Record excerpts –
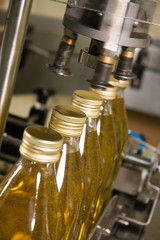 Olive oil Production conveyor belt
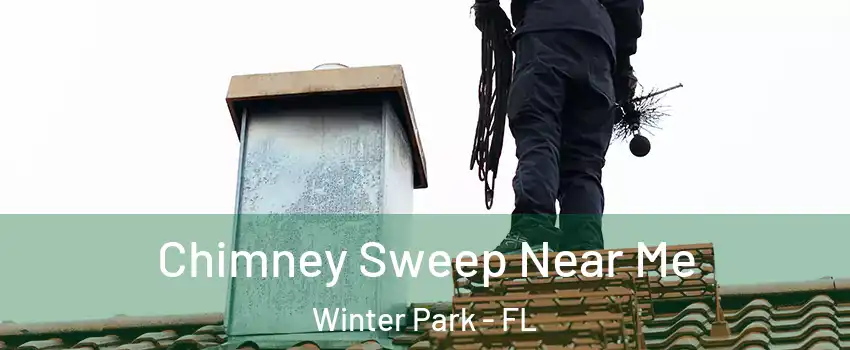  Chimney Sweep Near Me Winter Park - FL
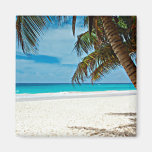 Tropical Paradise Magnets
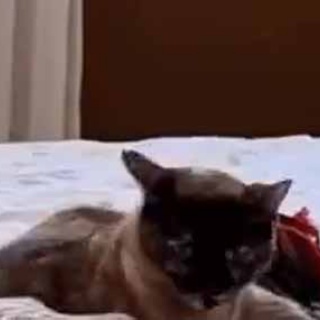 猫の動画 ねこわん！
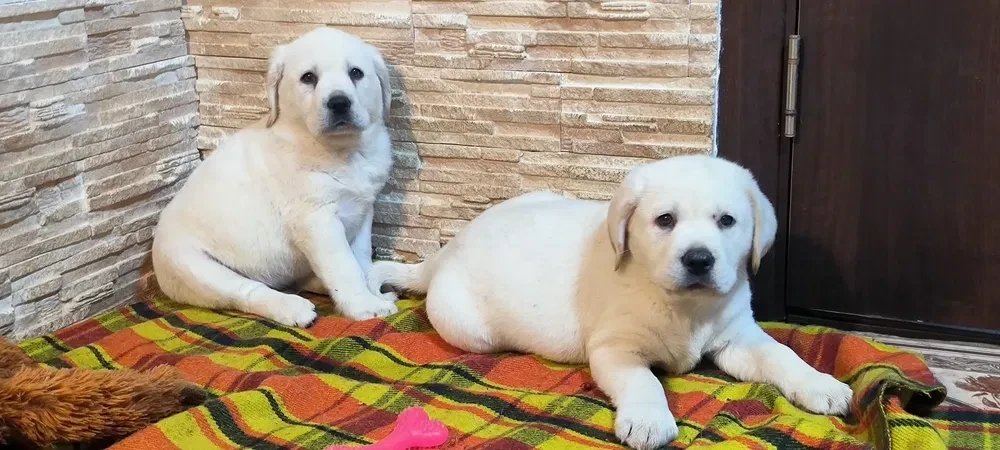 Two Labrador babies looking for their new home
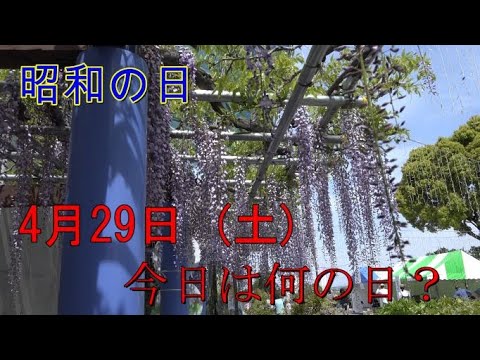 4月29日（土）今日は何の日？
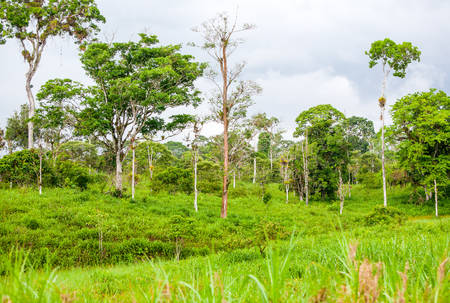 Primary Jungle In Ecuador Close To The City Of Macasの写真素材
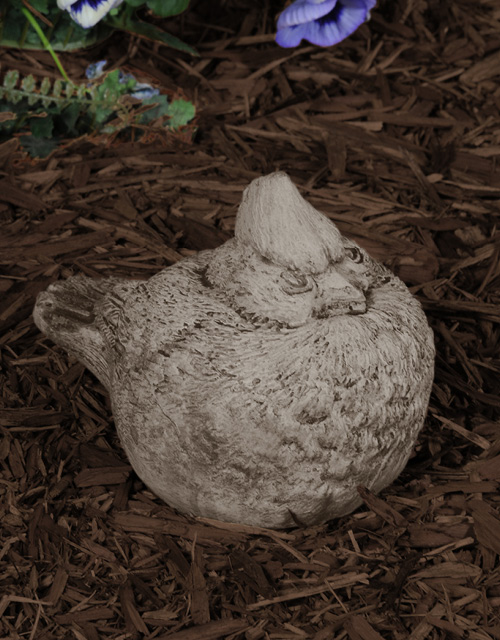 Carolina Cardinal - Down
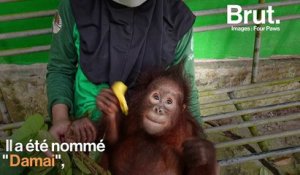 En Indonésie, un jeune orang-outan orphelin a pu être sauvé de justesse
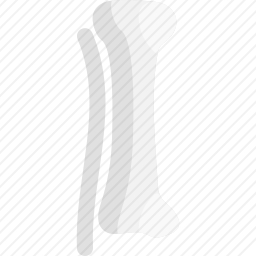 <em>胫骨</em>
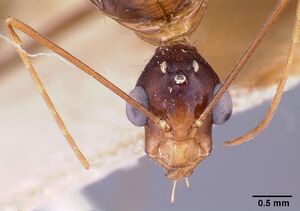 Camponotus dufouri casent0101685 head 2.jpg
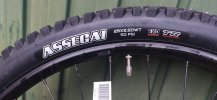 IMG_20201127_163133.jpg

Assignment –
Write out the entries again, word for word. No images.

Worked solution –
 Olive oil Production conveyor belt
  Chimney Sweep Near Me Winter Park - FL
 Tropical Paradise Magnets
 猫の動画 ねこわん！
 Two Labrador babies looking for their new home
 4月29日（土）今日は何の日？
 Primary Jungle In Ecuador Close To The City Of Macasの写真素材
 Carolina Cardinal - Down
 En Indonésie, un jeune orang-outan orphelin a pu être sauvé de justesse
 <em>胫骨</em>
 Camponotus dufouri casent0101685 head 2.jpg
 IMG_20201127_163133.jpg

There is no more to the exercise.